Proposition 12 : Le gestionnaire qui met l’accent sur l’importance de l’amélioration continue lors de la rétroaction informelle sur le rendement influence positivement le besoin de compétence de l’employé.

Conclusion

Selon la théorie de l’autodétermination, la satisfaction de trois besoins psychologiques fondamentaux est nécessaire pour assurer le fonctionnement optimal des employés au travail (Gagné et Deci, 2005). De récentes recherches ont notamment montré une relation entre la satisfaction de ces besoins et des conséquences positives telles que l’autonomie dans l’exécution des tâches, le soutien social perçu, la satisfaction en emploi, la vigueur et la performance au travail (Van den Broeck, Vansteenkiste, De Witte, Soenens et Lens, 2010). Dans un contexte où, à la fois, le rendement de l’organisation et le bien-être des employés représentent des enjeux organisationnels importants (Judge et Kammeyer-Mueller, 2011), nous avons postulé tout au long de ce texte que les gestionnaires sont en mesure de satisfaire aux besoins d’autonomie, de compétence et d’affiliation sociale au travail des employés par le truchement du processus de rétroaction. Nous encourageons les chercheurs à en faire la vérification empirique des 12 propositions qui résument à la fois notre synthèse théorique et les incidences pratiques pour les gestionnaires.

Quelles sont les retombées pratiques que cette réflexion suscite ? Nous estimons qu’elles sont au nombre de trois. En premier lieu, une discussion sur le soutien aux besoins psychologiques fondamentaux amène naturellement les gestionnaires à se demander si, ou dans quelle mesure, ils ont les compétences pour le faire.
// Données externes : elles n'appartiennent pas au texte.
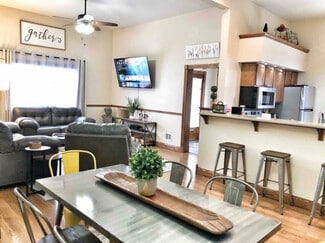 1406 Shelby St, Indianapolis, IN 46203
Dans un premier temps, nous suggérons tant aux gestionnaires, praticiens et chercheurs, d’évaluer le niveau de maîtrise des gestionnaires à l’égard des comportements de soutien aux besoins psychologiques. Nous espérons que ce texte constitue un point de départ stimulant à cet égard. Dans un deuxième temps, il importe de s’attarder aux meilleures pratiques (p. ex. : formation, coaching) pour développer les compétences des gestionnaires afin qu’ils soutiennent les besoins psychologiques de leurs employés.
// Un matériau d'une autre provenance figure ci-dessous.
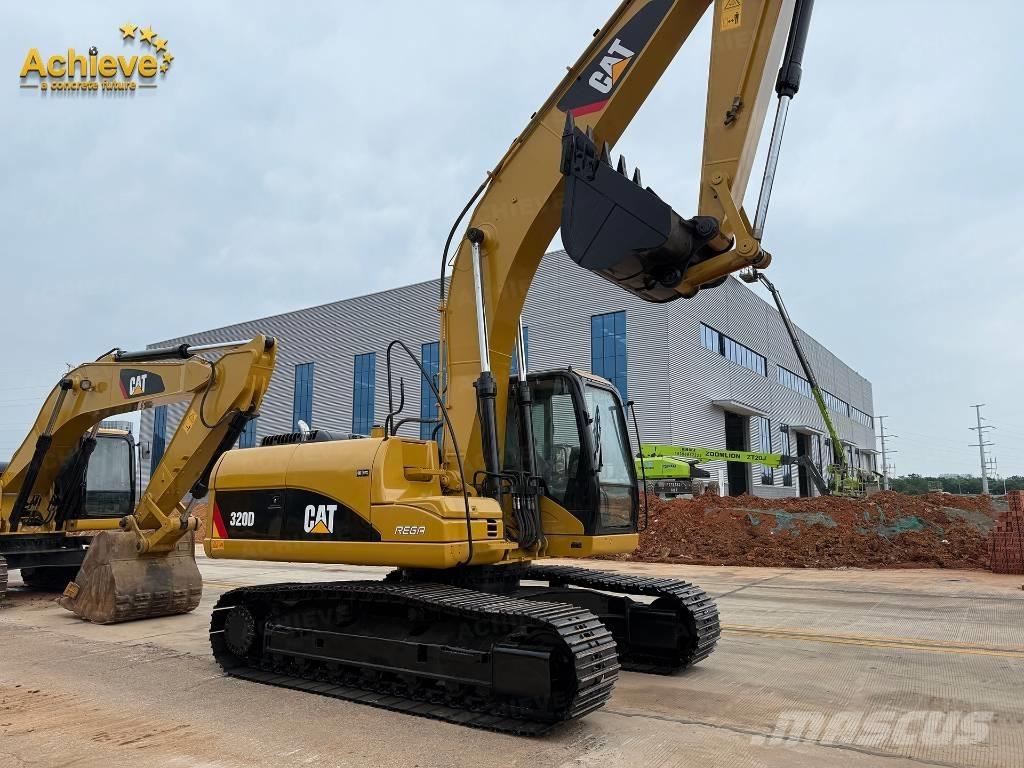 CAT 320 D 大型油圧ショベル12t以上（パワーショベル・ユンボ）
En second lieu, en plus des compétences associées au style de gestion et bien que le soutien aux besoins psychologiques fondamentaux relève d’attitudes et de gestes assez simples comme ceux associés à la rétroaction continue, il n’en demeure pas moins que des ressources additionnelles humaines ou matérielles puissent s’avérer nécessaires. Ainsi, l’adoption par les gestionnaires d’un style de gestion soutenant les besoins des employés doit elle-même être une initiative en lien avec la stratégie organisationnelle et donc, appuyée concrètement. Pensons, par exemple, aux cas où la satisfaction du besoin de compétence passe par des formations formelles spécifiques au domaine d’expertise des employés visés. Le gestionnaire ne pourra pas satisfaire le besoin de compétence de ses employés si l’organisation n’aménage pas le temps de travail et ne fournit pas le budget pour de telles formations.

En troisième lieu, nous estimons avoir exposé avec rigueur la théorie de l’autodétermination dans le contexte précis de la rétroaction ce qui, en soi, constitue une avancée importante dans le domaine de la motivation. C’est parce que la rétroaction faite par le gestionnaire est sous son contrôle que nous considérons cette réflexion importante. Cependant, la rétroaction n’est qu’un élément de la gestion du rendement et les organisations trouveraient sans doute avantage à procéder à un alignement plus global de la théorie de l’autodétermination avec tous les processus de la gestion du rendement et du système de rémunération soit la mesure, l’évaluation et la rétroaction. De cette manière, les mesures et les jugements qui en résultent seraient assurément congruents avec les besoins des gestionnaires au moment de la rétroaction.